To view the output file, open a terminal window, go to the course directory, and print the content of the file using cat command or open it using your favourite editor:

cat data/mydata.csv
Index,Organism,Score
1,Human,1.076
2,Mouse,1.202
3,Frog,2.2362
4,Fly,0.9853

Last but not least

A big thank you!

Remember...

Exercises 2.4.1

Write a script that reads a tab delimited file which has 4 columns: gene, chromosome, start and end coordinates; that computes each gene's length and stores it into a dictionary; and writes the results into a new tab separated file. You can find a data file in data/genes.txt directory of the course materials.

Exercises 2.4.2

Read the lyrics of Imagine by John Lennon, 1971 from the file in data/imagine.txt. Split the text into words. Print the total number of words, and the number of distinct words. Calculate the frequency of each distinct word and store the result into a dictionary. Print each distinct word along with its frequency. Find the most frequent word longer than 3 characters in the song, print it with its frequency.

Exercises 2.4.3

Real life example

You have a tab separated file which contains information about all the yeast (S.cerevisiae) gene data/yeast_genes.txt:

Systematic_name Standard_name Chromosome Start End YBR127C VMA2 chrII 491269 492822 YBR128C ATG14 chrII 493081 494115 ...
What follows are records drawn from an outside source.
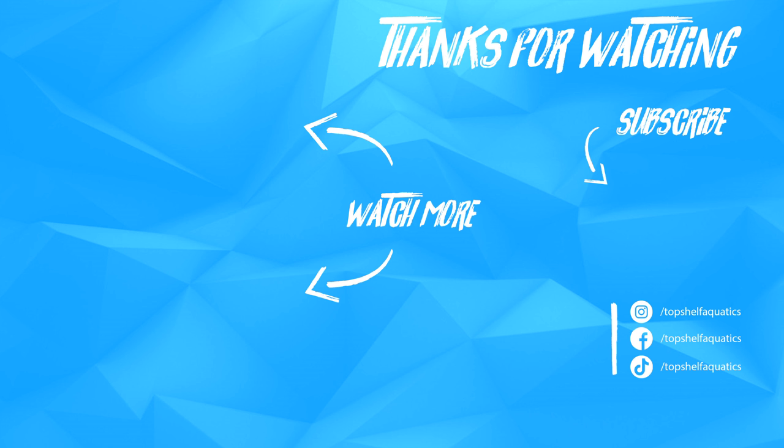Thank you for joining us at Top Shelf Aquatics Coral Care Series. I'm David and we'll see you again on our next episode. If you enjoyed content like this, be sure to check out the rest of our coral care videos, and as always be sure to like, comment, and subscribe. Follow us on Facebook and Instagram.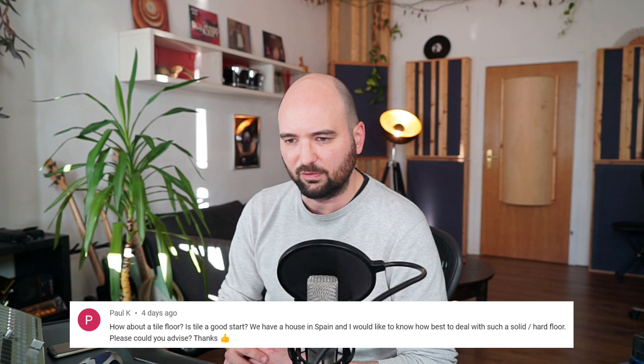Moving on to the next question. This is by Paul K. on a video called 'New Studio: Do I need a carpet?' He asks: how about a tile floor? Is tile a good start? We have a house in Spain. How do I best deal with such a solid hard floor? Yeah, a tiled floor, in my opinion, isn't all that big of a problem.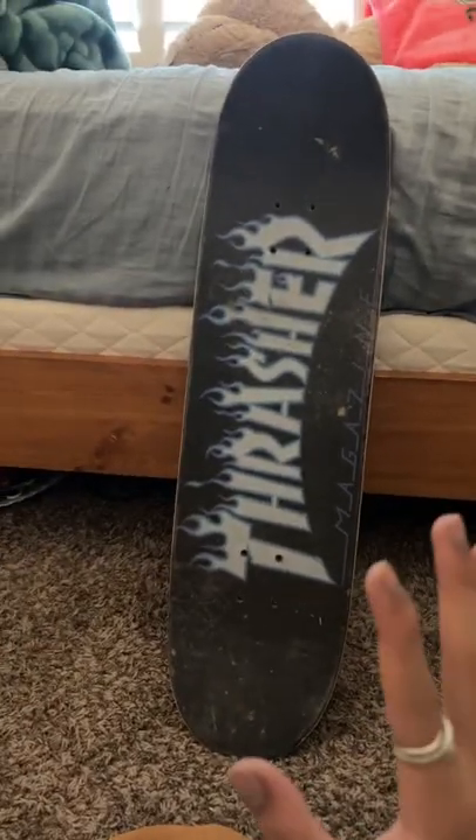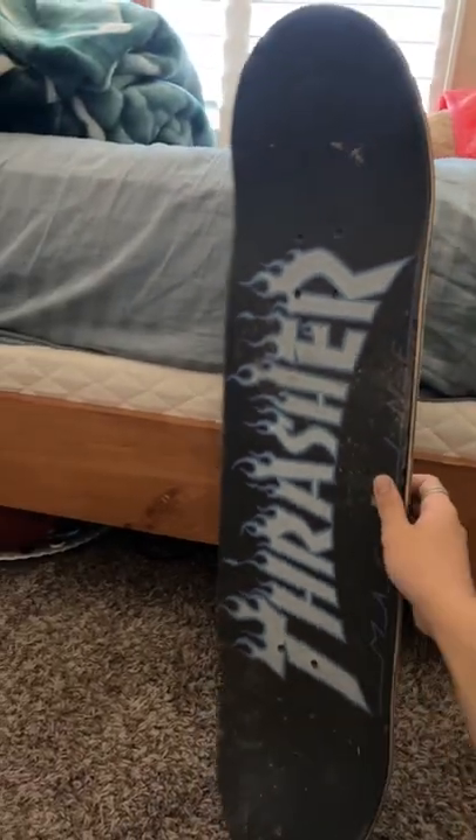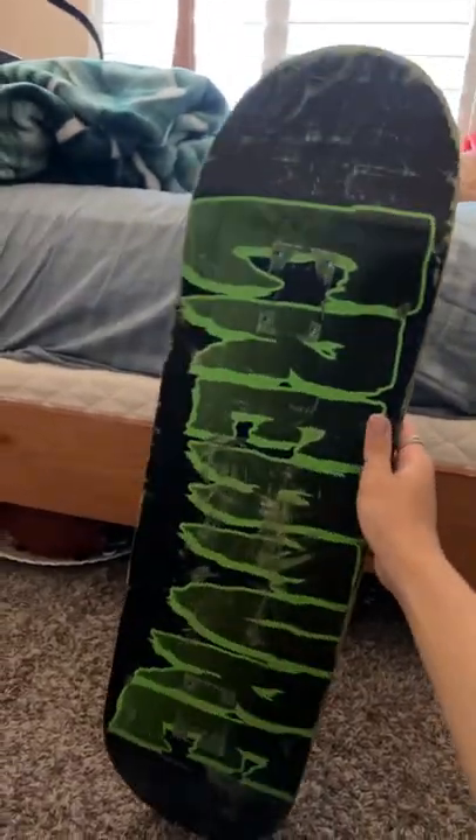Alright guys, so I kind of just copped a new board, a new deck at least. It's not new, but it was used. This is a Thrasher deck, and we're trying to go pro now. We're trying to go with the professional, real decks.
For every gene, its location and coordinates are recorded. You should read through the file and store the data into an appropriate structure. Then answer these questions:

  • How many genes are there in S.cerevisiae?
  • Which is the longest and which is the shortest gene?
  • How many genes per chromosome? Print the number of genes per chromosome.
  • For each chromosome, what is the longest and what is the shortest gene?
  • For each chromosome, how many genes on the Watson strand and how many genes on the Crick strand?

bonus

  • What is the chromosome with the highest gene density? You can calculate the length of each chromosome assuming that they start at 1 and they end at the end (if on the Watson strand) or at the start (if on the Crick strand) of their last gene. Then you can calculate the length of all the genes on each chromosome and the ratio between coding vs. noncoding regions.

Congratulation! You reached the end of day 2!